Hay Plain – Julia Jacklin

It’s a rite of passage for many of us. Going from South Australia to Sydney and driving across the Hay Plains.

In the summer of 1989 old Kapunda mates Bobby, Swanny, Puggy, Pinny (not actually his nickname but it seems a shame to exclude him) and I drove it in a hire car.

It was a Commodore wagon with a radar detector we’d borrowed from local publican and iconoclast Puffa. It went, as your Uncle would say, like the clappers.

I’m sure we had other cassettes but I remember the B52’s Cosmic Thing featuring, of course, “Love Shack.” It was a fun album, but twice a day for three weeks became, for me, audio water-boarding.

cosmic thing

Around Coffs Harbour the tape somehow ended up buried in my suitcase. Someone, I suspect it was Swanny, solved the mystery of the Missing Cassette and rescued the tragic tape. On it went! Yippee. “If you see a painted sign…”

Every night all five of us slept in the same big room. At least one would sleep in his clothes. I can only guess at the olfactory horror of those murky, blokish spaces.

I’m pretty sure we ate KFC every day for about three weeks. It was like that alarmist documentary Super Size Me. I blew up like an inflatable raft.

KFC

Julia Jacklin is a great alt-country singer songwriter and her debut album Don’t Let The Kids Win features beautifully-crafted songs. “Hay Plain” is an atmospheric, plaintive number in which she uses her charismatic voice to engaging affect.

In it she makes reference to that iconic Sydney road, the Western Distributor. In 1985 on my first trip to Sydney with Trev, Chrisso and Woodsy in his Datsun 180B we stayed with a mate in Drummonye and used this road daily.

Right by the exit was a huge billboard with a giant image of a funnel web spider baring its metre-long fangs, warning people to avoid these horrific fuckers.

One night we got home and our old school mate Brendan, now peeling prolifically because of Bondi sunburn, yelled out, “No! We’ve been robbed. Someone’s stolen my cup of skin.”

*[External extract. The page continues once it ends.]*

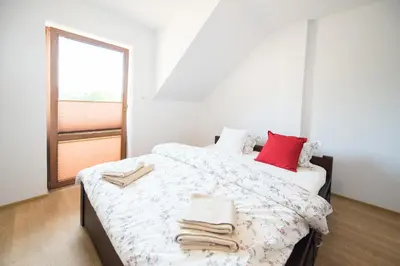 a bedroom with a bed with towels on it at u Jagody in Mszana Dolna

Julia Jacklin’s on my list of acts to see and this clip from a show in Melbourne’s Northcote Social Club captures her warmth and talent-

https://www.youtube.com/watch?v=gf6YdmKIChU

Pleader- alt J

British indie darlings alt-J toured Australia late last year and old mate Brett and I went along to the Adelaide Entertainment Centre on a Tuesday. Tuesday being the convenient and traditional night for major touring artists to play in our little city.

Having avoided incapacitation by a Coopers Clear – surely the Trevor Chappell of this distinguished beer family – we ventured into the barn-like room and I was delighted by the crisp and punchy sound quality. The band were amazing unlike their set at Singapore’s Laneway Festival in 2014 when, dogged by technical problems, they sulked off stage mid-song.

singapore laneway

I texted Brett the day after the Adelaide concert and shared that I thought the final song of their most recent album was the highlight of our night. “Pleader” is a moody six minutes’ voyage with the opening three a foreboding instrumental before the last half of the track has a stunning choral outchorus, complete with agrarian imagery and biblical textures.

The accompanying video is inspired by the Welsh mining classic novel How Green Was My Valley? Among the unforgettable scenes is one with a landslide caused by the detonation of a WW2 German V2 bomb.

The vocals are distinctive and rarefied and the lush orchestration builds the sense of doom. Hugely impressive.

https://www.youtube.com/watch?v=RrhSJzM8NLE

Coopers Session Ale

Released mere weeks after the apocalyptic 1993 preliminary final in which the Crows choked after half time, Coopers Black Crow came into the market. This marked a spectacularly dismal month for crows, everywhere.

black crow

A mid-strength lager, it was massively disappointing, especially for an enthusiast such as me. It was named by public competition among significant fanfare. A more accurate name would have been Dead Cat Piss.

Bursting into the world last October was Coopers Session Ale. It is everything its feathery, deceased predecessor was not.

Tropical, fruity, and with citrus complexity beyond big brother the celebrated Pale Ale, it speaks of a lazy afternoon on a Pacific island. Marrying Galaxy and Melba hop varieties with secondary fermentation, it’s animated in the glass, a triumph of golden straw colour and fetching aroma.

Each and every Friday around 4.27pm I pay wave $12 at Gavin, mine host at the Broady and receive two crisp pints in return as the murmuring and the post-working week shuffling builds in his front bar.

I must mention that the packaged version is inferior, and humbly submit that the colossal Sparkling Ale is the only Coopers beer which is better out of a bottle, a bloody big bottle.

Still the Session Ale is a ripper. Perfect.